Почему-то это показалось Жюстине смешным, но смех застрял у нее в горле.
— Тебе нравится Сан-Франциско?
— Да, очень. Очень нравится.
— Зачем же ты уехала?
— Я должна была уехать. — Жюстина подняла руку и удивленно посмотрела на нее, будто недоумевая, почему та вдруг оказалась у нее перед глазами, — Я была тогда другим человеком. — Она сцепила руки и опустила их перед собой. — Я чувствовала себя такой беззащитной. Я... просто не могла больше там оставаться одна. Глупая история, — добавила Жюстина. — И я была глупой. — Она покачала головой, словно удивляясь собственному поведению.
— Я был там два раза, — сказал Николас — Я имею в виду Сан-Франциско. И полюбил этот город. — Он всматривался в тонкую светящуюся полоску прибоя, который не переставая поднимался и обрушивался на берег. — Я тогда часто ходил на побережье — просто посмотреть на океан — и думал: эти воды докатываются сюда из Японии, через весь океан.
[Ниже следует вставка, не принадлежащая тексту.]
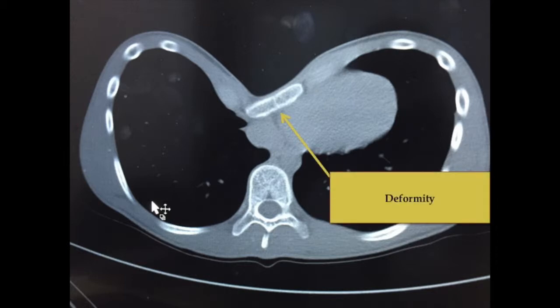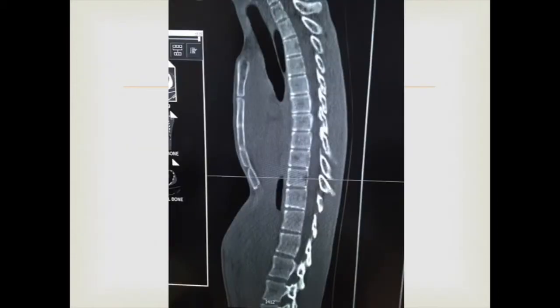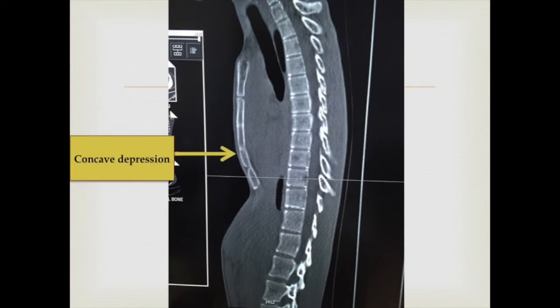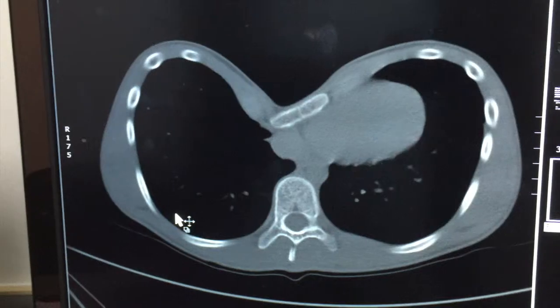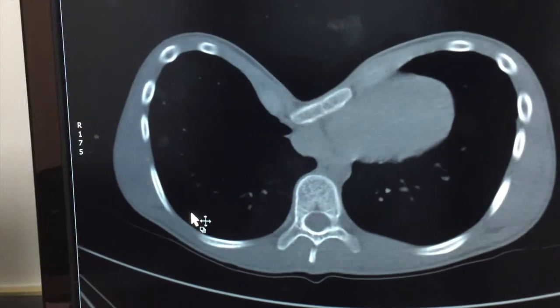This is the sagittal view of the CT scan, and here you can see the concave depression of the sternum. Don't forget to exclude scoliosis — funnel chest is usually associated with congenital scoliosis.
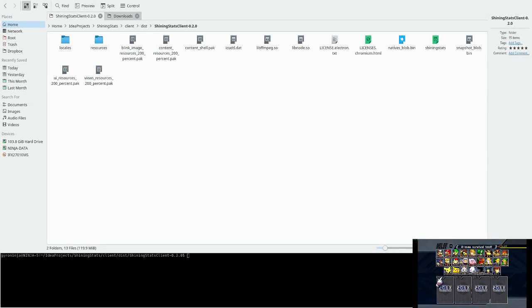Hi, my name is Gyro, and in this video I'll be showing you how to set up the Shining Stats Client. If you don't know what Shining Stats is, check out the showcase video I've made.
— Почему ты уехал? — спросила Жюстина. — Что привело тебя сюда?
Николас глубоко вздохнул.
— Это трудно объяснить в нескольких словах. Наверное, существовало много причин. Мой отец хотел приехать в Америку, но ему это было не суждено. Он жалел об этом всю жизнь. — Морская пена вдали казалась тонким серебряным кружевом. — Если часть моего отца живет во мне, то он сейчас здесь, и я этому рад.
— Ты действительно в это веришь? Жизнь после... — Николас улыбнулся.
— И да, и нет. Я не могу это объяснить. Восток и Запад борются во мне... Но что касается моих родителей — да, они здесь, со мной.
— Это так странно...
— Только потому, что мы здесь, в этом доме в Уэст-Бэй-Бридж. Если бы мы были в Азии... — Николас пожал плечами, словно считая, что этого объяснения вполне достаточно. — И потом, я приехал сюда для того, чтобы доказать, что могу жить на Западе, а не только на Востоке. В колледже я изучал средства массовой информации, и когда приехал сюда, мне показалось естественным заняться рекламой. Мне повезло: нашелся человек, который взялся сделать профессионала из неопытного новичка. — Он рассмеялся. — Я оказался способным учеником.
Жюстина подошла к Николасу.
— Ты хочешь меня? — ее голос сливался с шумом прилива. — Ты хочешь быть со мной?